As for the slogan itself, sadly, it’s not great. But there’s no such thing as a new city slogan that everyone will like. It does have the advantage that it invites the curious to find out why the city is popular. That’s good.

But it isn’t snappy so it won’t be memorable. And it isn’t distinctive: all good cities are desired by many. What distinctiveness it does have is buried in its origins, as the supposed translation of Tāmaki Makaurau, the Māori name for Auckland. That is disingenuous.

“Desired by many” is a new meaning for makaurau. Makau is a word for lovers, or sometimes favourites, and rau means a hundred, or more loosely, an awful lot.  ATEED’s own website gives the translation as “Tāmaki desired by many lovers”, and Te Ara, the official New Zealand encyclopedia, refers both to “numerous lovers” and “a thousand lovers”.

The city of a thousand lovers is a brilliant slogan, which in its innocent form totally conjures a city the whole world would want to live in. Alas, we are not innocents. A city defined by everyone cruising for sex? Not so good. Besides, “city of lovers” doesn’t quite have the breadth of purpose the council needs. Not to mention, there’s the small matter of our being the city whose former mayor gave lovers everywhere a very bad name.

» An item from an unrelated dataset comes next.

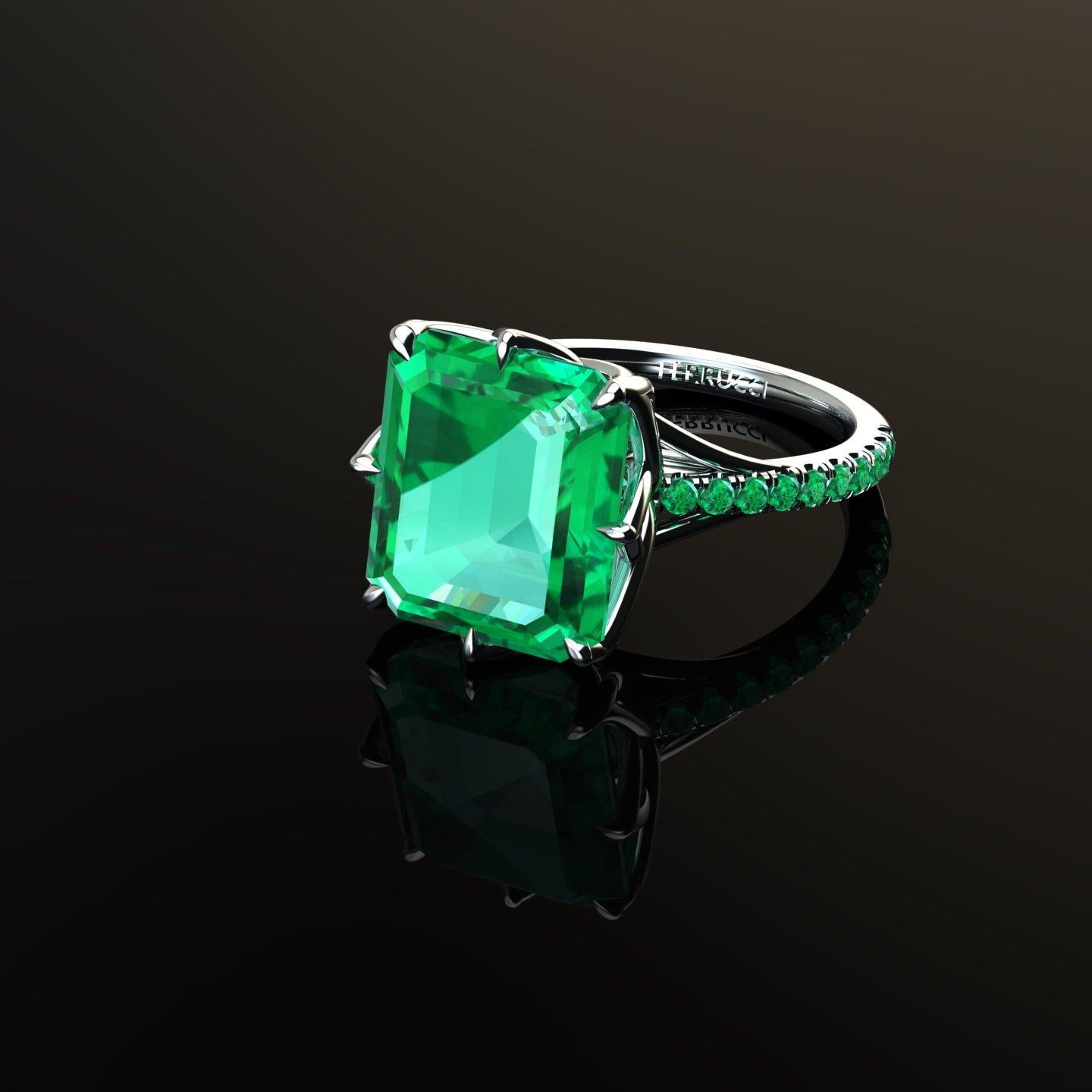 Women's GRS Certified 6.31 Carat Colombian Emerald in Platinum 950 Ring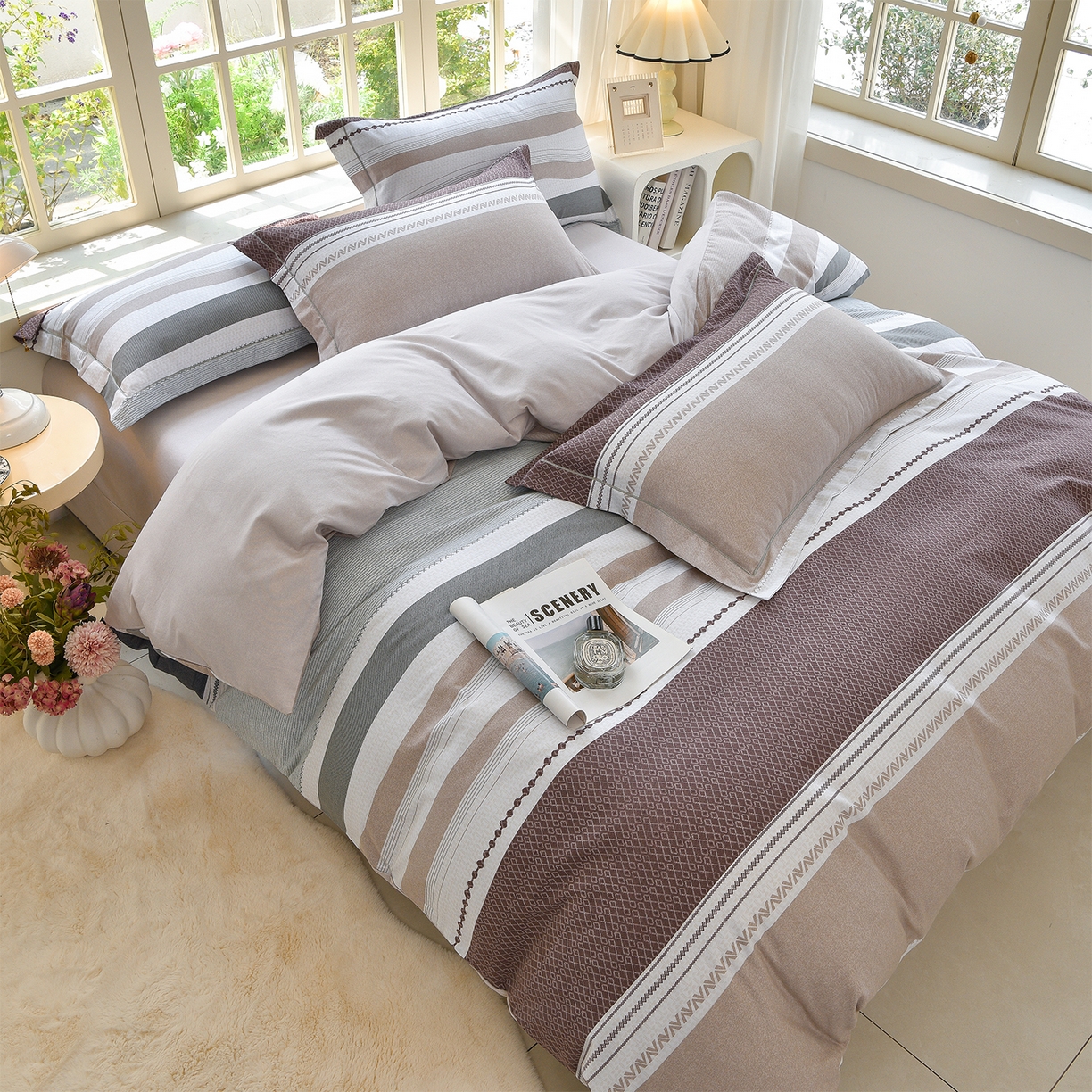 91家纺网 家纺一手货源 找家纺 董成龙家纺 2025新款全棉磨毛数码印花四件套 水平线-兰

So, basing the slogan on a Māori proverb? Good. Sanitising the proverb in translation? That’s a flawed way to build a reputation, especially as the new version is far less evocative than the real one. #Desiredbynotmanyifany

The tricky thing about developing a slogan is that you could put 100 overpaid advertising geniuses in a room for a week and they still might fail to come up with a single good idea. But a clever person might think of the perfect line in the shower tomorrow morning. Creativity, damn it, is fickle.

The fact is, though, the campaign isn’t dependent on the slogan. Auckland needs to sell itself, ATEED is the right body to lead that process, and telling a good story is a good way to do it. Back to the shower cubicle for the slogan, please, and for Christ’s sake don’t get a focus group in there with you.

But as for the project itself, let’s be having it. Because Auckland, we know we need to compete and we’re down here at the bottom of the Pacific but we’re not really, are we? Because aren’t we going to become the leading edge?